(Records from a collection)

━━━━━━

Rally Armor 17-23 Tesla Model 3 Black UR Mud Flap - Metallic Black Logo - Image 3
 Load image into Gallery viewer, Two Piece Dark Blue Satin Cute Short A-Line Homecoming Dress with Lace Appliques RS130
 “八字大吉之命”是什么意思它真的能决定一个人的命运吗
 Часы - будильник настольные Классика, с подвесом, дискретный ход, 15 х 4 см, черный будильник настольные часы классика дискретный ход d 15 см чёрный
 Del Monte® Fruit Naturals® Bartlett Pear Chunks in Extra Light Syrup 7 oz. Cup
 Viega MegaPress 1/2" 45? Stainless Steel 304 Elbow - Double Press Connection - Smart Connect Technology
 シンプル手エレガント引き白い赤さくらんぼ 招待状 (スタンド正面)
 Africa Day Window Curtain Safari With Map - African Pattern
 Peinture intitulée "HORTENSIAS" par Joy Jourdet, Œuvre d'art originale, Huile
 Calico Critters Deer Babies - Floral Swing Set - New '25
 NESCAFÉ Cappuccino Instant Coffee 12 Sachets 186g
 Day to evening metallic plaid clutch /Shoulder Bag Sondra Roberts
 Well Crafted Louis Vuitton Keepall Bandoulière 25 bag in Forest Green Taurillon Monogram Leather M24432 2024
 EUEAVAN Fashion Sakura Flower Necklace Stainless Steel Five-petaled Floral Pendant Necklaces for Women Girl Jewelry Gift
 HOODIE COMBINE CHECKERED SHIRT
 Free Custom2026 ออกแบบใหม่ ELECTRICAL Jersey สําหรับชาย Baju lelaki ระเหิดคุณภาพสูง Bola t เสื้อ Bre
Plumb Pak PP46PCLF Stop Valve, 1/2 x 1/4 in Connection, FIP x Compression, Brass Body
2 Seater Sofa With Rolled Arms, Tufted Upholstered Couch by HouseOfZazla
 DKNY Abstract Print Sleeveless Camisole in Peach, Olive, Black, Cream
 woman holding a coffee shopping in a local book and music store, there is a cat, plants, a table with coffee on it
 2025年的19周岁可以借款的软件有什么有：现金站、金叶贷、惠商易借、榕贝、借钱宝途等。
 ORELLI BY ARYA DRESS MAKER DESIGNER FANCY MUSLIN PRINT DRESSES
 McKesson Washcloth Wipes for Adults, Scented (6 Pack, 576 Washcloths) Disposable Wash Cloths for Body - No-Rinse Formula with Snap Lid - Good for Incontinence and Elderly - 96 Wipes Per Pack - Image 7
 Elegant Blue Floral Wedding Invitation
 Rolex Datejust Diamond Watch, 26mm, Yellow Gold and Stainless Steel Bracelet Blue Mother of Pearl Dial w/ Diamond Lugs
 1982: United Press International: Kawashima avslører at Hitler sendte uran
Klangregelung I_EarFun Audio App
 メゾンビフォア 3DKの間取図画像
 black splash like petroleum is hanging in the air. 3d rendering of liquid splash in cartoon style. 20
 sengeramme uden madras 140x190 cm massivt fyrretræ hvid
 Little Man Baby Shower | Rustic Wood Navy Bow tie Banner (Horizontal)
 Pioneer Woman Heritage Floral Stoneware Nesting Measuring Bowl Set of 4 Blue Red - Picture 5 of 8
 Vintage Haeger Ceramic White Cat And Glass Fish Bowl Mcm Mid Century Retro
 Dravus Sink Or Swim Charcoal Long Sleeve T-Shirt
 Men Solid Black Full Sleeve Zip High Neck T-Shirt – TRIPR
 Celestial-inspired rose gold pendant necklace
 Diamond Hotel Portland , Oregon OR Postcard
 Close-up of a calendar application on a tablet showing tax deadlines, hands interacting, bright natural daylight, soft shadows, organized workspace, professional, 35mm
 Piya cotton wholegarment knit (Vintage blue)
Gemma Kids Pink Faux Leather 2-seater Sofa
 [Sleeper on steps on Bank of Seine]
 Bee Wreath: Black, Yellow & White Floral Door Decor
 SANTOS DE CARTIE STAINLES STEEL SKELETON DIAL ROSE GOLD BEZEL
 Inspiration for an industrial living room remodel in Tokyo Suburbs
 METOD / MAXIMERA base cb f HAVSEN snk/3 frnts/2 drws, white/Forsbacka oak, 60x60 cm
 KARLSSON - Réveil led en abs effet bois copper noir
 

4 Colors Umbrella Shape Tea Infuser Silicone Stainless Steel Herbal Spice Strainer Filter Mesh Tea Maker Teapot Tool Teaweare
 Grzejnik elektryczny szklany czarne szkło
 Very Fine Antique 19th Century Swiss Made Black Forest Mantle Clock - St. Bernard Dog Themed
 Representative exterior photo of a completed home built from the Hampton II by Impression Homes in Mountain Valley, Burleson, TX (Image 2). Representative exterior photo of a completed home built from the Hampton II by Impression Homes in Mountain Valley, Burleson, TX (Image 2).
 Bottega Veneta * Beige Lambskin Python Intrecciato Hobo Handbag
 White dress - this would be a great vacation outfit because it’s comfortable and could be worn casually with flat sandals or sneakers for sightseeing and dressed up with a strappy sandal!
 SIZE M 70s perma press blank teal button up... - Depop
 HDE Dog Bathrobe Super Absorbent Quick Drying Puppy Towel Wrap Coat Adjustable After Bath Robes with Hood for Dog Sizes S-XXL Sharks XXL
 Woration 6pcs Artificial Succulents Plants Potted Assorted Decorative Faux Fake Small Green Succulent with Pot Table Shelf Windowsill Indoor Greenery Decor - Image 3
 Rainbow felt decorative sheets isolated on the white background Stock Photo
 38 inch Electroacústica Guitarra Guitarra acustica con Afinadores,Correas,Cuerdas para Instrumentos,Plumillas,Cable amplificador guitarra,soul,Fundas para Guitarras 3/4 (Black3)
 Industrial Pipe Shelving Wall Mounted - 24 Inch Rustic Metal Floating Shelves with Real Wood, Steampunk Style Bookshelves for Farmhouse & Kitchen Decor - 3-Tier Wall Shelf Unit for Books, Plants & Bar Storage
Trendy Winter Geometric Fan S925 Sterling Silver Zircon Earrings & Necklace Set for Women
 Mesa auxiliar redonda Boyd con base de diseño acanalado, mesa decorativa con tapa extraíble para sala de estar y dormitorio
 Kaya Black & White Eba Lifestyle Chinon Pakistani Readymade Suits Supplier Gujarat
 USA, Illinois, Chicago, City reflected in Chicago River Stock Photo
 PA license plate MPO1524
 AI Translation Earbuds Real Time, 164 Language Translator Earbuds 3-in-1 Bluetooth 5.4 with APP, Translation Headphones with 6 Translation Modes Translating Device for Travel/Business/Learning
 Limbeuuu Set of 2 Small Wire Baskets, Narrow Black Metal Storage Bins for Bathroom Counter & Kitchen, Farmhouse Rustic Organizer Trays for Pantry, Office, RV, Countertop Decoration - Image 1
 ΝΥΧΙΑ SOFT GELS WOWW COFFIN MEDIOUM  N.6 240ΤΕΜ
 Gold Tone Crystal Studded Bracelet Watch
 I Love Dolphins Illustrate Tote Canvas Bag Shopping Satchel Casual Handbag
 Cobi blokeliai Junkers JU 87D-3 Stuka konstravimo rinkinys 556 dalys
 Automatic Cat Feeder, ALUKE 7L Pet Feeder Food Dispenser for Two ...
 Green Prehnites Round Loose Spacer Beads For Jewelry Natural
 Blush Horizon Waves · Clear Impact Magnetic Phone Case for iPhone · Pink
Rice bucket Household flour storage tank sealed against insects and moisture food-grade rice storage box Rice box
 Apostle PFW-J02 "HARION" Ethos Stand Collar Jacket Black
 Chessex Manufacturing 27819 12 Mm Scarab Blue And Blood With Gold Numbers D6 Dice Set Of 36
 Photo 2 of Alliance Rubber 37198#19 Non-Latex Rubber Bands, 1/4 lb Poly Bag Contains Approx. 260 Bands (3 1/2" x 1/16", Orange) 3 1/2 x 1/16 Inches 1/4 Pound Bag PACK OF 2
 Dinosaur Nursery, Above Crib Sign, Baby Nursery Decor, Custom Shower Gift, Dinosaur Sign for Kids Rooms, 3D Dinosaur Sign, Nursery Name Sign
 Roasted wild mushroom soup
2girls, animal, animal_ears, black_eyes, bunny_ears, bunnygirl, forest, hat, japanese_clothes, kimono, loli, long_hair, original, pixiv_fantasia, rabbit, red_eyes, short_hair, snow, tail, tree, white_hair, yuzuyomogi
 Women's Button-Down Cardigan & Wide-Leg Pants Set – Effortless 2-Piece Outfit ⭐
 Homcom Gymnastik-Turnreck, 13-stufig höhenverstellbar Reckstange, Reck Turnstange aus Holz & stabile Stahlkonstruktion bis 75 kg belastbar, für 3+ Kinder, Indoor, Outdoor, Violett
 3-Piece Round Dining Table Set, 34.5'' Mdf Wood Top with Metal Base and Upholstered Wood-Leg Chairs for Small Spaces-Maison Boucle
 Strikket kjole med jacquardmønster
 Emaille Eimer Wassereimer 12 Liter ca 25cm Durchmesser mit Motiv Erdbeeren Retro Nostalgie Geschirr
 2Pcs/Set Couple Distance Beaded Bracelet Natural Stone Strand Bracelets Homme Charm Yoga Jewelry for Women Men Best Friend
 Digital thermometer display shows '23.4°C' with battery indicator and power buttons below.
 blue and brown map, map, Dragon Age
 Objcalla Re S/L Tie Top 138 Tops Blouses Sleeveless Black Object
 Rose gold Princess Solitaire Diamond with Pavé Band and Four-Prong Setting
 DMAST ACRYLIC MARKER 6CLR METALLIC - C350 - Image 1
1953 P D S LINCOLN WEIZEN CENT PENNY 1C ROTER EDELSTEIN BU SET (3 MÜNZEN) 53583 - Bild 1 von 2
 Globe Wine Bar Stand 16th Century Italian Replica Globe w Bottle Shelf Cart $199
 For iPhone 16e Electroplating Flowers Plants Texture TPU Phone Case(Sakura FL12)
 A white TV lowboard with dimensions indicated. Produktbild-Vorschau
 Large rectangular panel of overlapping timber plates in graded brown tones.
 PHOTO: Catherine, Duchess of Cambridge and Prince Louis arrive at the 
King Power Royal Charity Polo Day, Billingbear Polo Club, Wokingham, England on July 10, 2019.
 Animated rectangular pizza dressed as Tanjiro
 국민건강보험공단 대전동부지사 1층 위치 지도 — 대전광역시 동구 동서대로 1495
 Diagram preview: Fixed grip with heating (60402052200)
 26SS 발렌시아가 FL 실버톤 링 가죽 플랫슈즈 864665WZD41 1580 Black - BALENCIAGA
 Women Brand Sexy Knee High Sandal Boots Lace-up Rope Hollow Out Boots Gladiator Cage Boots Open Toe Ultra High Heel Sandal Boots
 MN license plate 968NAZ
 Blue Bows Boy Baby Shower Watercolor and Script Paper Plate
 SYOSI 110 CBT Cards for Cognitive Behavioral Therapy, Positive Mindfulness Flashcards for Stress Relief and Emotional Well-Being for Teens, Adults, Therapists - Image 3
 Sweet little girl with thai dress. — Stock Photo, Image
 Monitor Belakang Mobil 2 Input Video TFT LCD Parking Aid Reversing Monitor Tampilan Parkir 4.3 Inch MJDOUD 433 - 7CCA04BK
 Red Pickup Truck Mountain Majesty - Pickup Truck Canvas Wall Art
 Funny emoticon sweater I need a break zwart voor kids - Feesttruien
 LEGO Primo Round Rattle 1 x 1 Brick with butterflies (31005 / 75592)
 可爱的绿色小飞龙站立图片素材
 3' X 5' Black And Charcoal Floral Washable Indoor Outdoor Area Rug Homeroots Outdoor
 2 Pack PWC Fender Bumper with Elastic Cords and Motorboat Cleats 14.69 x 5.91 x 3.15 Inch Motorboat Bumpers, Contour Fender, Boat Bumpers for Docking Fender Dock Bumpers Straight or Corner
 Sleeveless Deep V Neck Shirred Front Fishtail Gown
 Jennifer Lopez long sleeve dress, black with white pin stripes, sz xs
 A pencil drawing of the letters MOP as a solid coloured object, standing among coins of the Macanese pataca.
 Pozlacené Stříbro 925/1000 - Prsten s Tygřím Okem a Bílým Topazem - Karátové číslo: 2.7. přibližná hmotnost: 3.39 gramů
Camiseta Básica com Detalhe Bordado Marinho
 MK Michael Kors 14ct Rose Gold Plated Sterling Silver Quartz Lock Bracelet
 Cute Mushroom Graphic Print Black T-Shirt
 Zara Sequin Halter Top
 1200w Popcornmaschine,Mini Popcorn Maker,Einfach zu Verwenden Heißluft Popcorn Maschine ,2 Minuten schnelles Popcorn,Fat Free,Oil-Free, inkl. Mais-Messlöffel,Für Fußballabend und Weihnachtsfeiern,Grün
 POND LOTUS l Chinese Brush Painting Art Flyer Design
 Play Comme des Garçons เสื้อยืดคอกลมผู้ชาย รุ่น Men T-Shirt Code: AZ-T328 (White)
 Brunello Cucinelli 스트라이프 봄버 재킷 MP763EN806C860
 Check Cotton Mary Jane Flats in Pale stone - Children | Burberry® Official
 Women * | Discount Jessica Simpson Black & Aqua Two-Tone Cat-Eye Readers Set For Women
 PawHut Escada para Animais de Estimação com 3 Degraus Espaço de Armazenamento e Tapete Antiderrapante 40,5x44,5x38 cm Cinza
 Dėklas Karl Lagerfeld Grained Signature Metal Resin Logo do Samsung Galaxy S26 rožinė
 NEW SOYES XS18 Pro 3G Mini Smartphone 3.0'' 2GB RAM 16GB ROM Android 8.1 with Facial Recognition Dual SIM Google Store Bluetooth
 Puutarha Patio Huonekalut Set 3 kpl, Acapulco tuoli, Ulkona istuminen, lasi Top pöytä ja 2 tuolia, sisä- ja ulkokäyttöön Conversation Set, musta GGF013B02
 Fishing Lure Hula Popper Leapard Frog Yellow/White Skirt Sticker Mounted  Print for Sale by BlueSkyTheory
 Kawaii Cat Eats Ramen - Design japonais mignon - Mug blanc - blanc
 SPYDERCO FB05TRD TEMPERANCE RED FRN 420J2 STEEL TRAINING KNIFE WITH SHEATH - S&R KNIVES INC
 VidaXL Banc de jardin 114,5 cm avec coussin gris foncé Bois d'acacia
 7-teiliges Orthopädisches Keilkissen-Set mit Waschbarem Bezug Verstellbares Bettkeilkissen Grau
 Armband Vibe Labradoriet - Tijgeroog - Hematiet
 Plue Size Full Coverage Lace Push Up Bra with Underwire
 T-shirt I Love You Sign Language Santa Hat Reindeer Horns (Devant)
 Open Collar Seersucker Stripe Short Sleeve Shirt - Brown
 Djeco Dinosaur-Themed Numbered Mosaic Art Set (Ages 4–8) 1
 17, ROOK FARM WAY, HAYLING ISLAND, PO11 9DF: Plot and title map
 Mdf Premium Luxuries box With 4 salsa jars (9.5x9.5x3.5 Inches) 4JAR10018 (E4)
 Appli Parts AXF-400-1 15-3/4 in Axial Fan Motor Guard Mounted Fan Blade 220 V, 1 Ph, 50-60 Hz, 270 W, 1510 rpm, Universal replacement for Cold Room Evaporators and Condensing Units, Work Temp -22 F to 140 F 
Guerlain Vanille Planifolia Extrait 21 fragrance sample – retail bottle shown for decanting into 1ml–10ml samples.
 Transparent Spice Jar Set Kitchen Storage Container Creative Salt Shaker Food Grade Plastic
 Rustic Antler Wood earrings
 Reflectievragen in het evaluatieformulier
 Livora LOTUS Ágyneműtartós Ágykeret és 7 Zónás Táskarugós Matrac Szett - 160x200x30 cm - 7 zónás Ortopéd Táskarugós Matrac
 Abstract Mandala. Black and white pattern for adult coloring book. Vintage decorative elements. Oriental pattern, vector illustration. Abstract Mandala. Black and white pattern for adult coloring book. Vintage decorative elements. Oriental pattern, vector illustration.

━━━━━━

> _ACTIVITY_: Search the data for the string "Spice". List each line that has it.

> _ANSWER AREA_:
4 Colors Umbrella Shape Tea Infuser Silicone Stainless Steel Herbal Spice Strainer Filter Mesh Tea Maker Teapot Tool Teaweare
 Transparent Spice Jar Set Kitchen Storage Container Creative Salt Shaker Food Grade Plastic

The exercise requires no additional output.